▸ **Problem requirements**
Copy out the entries that follow exactly, leaving out the pictures.

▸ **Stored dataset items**
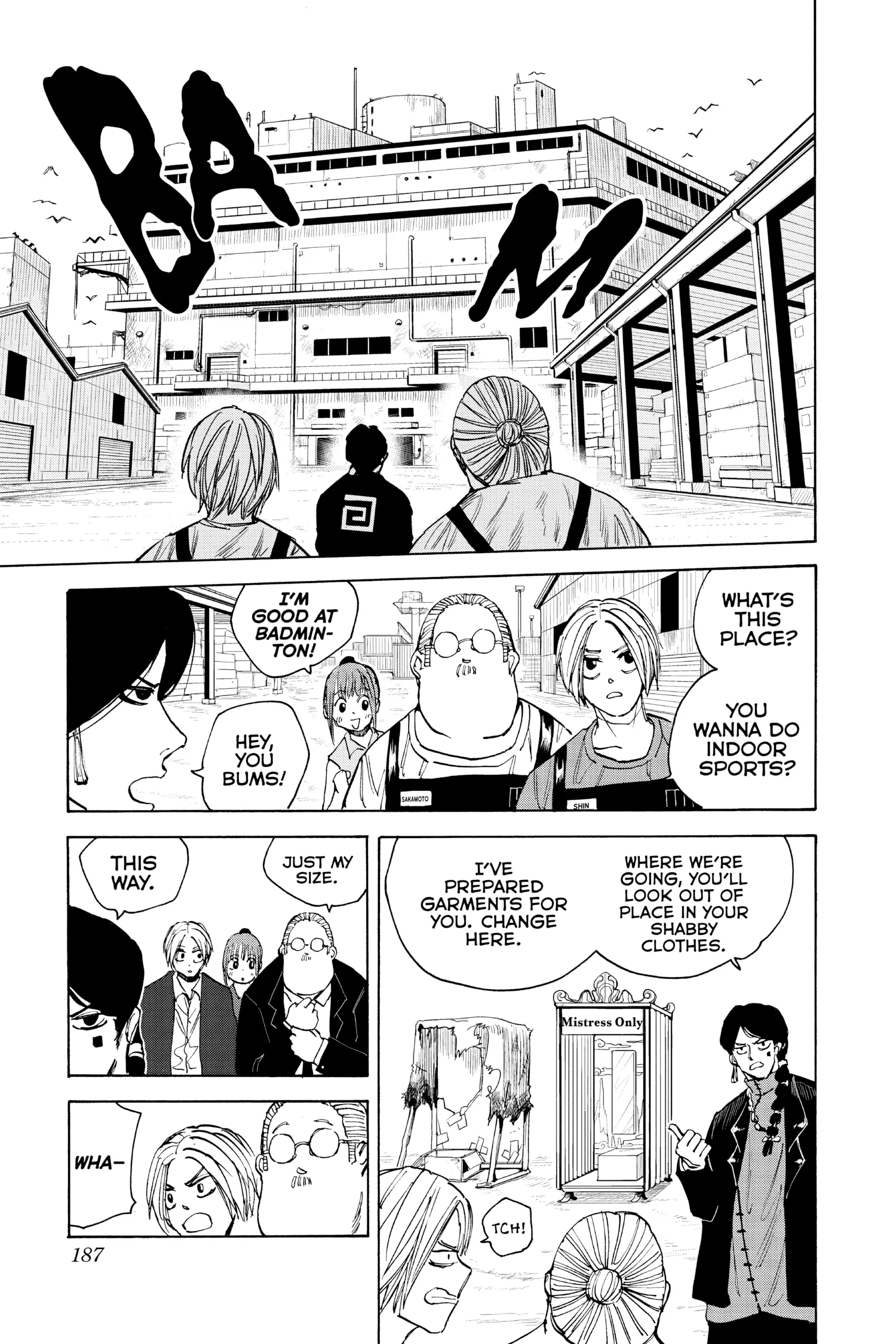 Sakamoto Days Manga Online, chapter Vol 4, page 178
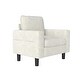 preview thumbnail 9 of 7, Kinbor Multi-Functional Single Sofa Chair for Home, Office, Salon
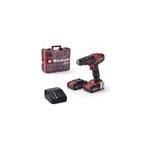Perceuse  percussion sans fil einhell te - cd 18 / 40 li - i + 2x2, 0ah 64 accessoires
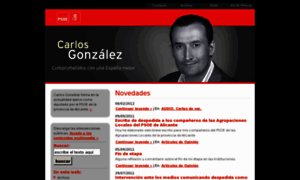 Carlosgonzalez.es thumbnail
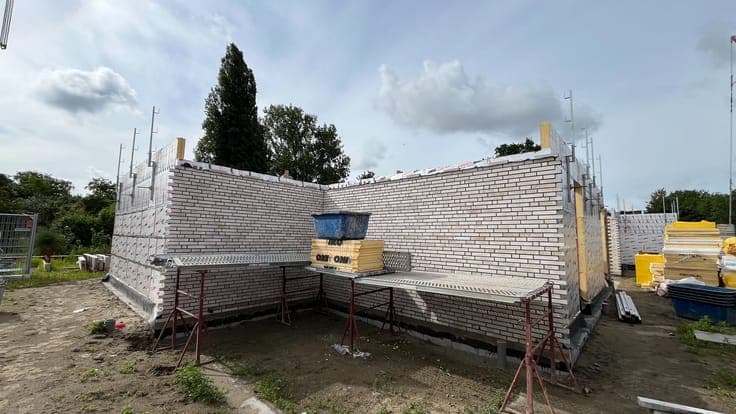 Nieuwbouwproject Weggevoerdelaan – Maldegem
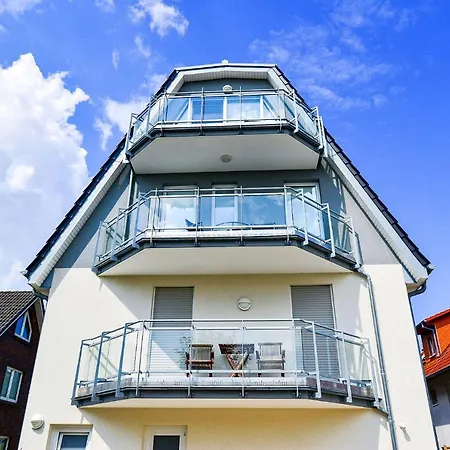 Apartment Haus Duenenweg 37 Du03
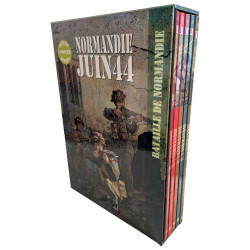 Coffret Normandie juin 44 - Collection « Les Plages  du Débarquement »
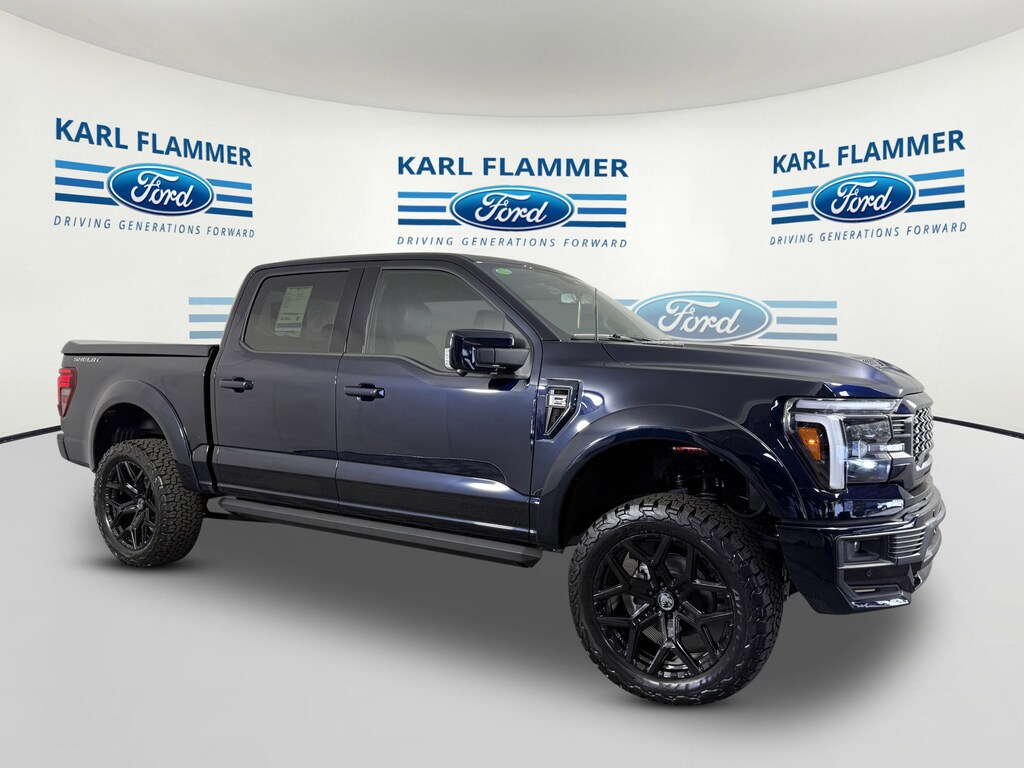 New 2025 Ford F-150 LARIAT Truck SuperCrew Cab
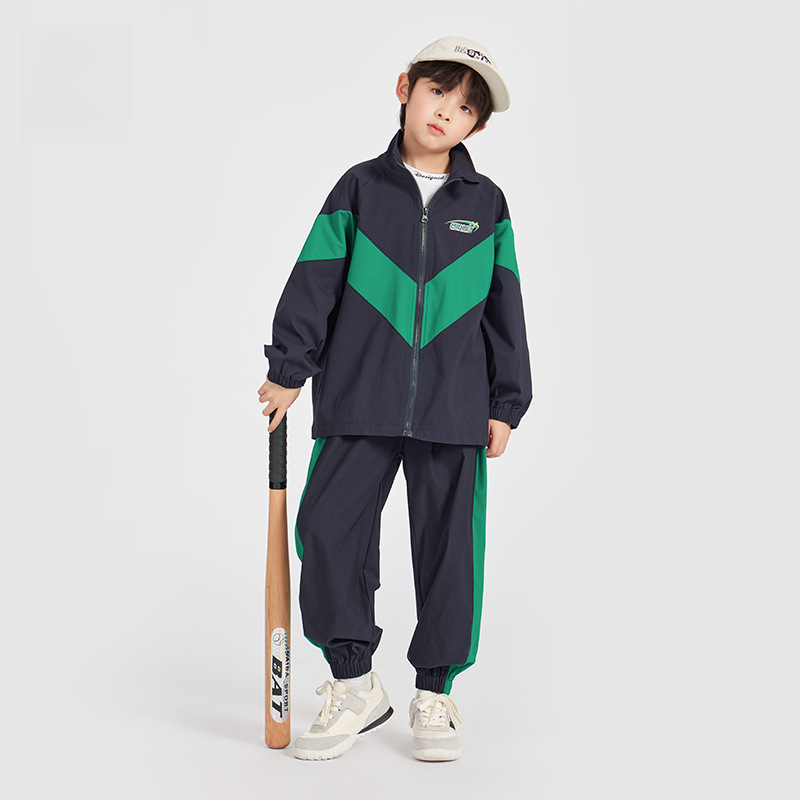 男童春季運動套裝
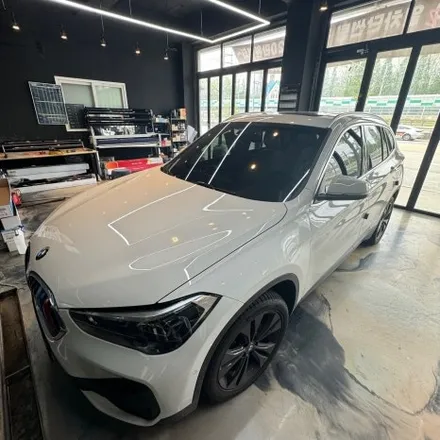 안산 솔라가드 썬팅 BMW X1 솔라가드 노블레스K+ 전체 재시공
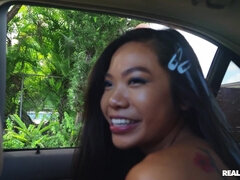 In den arsch, Asiatisch, Braunhaarige, Auto, Latina, Mexikanisch, Zierlich, Jungendliche (18+)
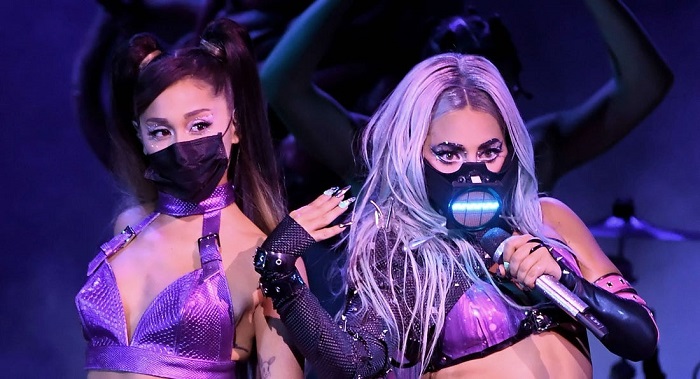 Lady Gaga, Ariana Grande e BTS são os mais premiados no VMA 2020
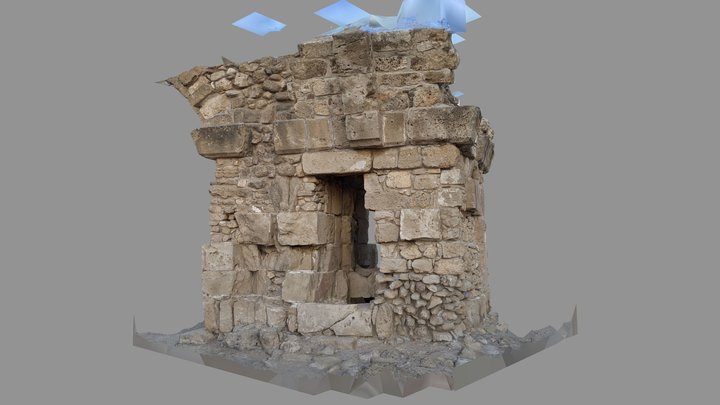 Ancient Ruins 01 3D Model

▸ **Your response**
 Sakamoto Days Manga Online, chapter Vol 4, page 178
 preview thumbnail 9 of 7, Kinbor Multi-Functional Single Sofa Chair for Home, Office, Salon
Perceuse  percussion sans fil einhell te - cd 18 / 40 li - i + 2x2, 0ah 64 accessoires
 Carlosgonzalez.es thumbnail
 Nieuwbouwproject Weggevoerdelaan – Maldegem
 Apartment Haus Duenenweg 37 Du03
 Coffret Normandie juin 44 - Collection « Les Plages  du Débarquement »
 New 2025 Ford F-150 LARIAT Truck SuperCrew Cab
 男童春季運動套裝
 안산 솔라가드 썬팅 BMW X1 솔라가드 노블레스K+ 전체 재시공
 In den arsch, Asiatisch, Braunhaarige, Auto, Latina, Mexikanisch, Zierlich, Jungendliche (18+)
 Lady Gaga, Ariana Grande e BTS são os mais premiados no VMA 2020
 Ancient Ruins 01 3D Model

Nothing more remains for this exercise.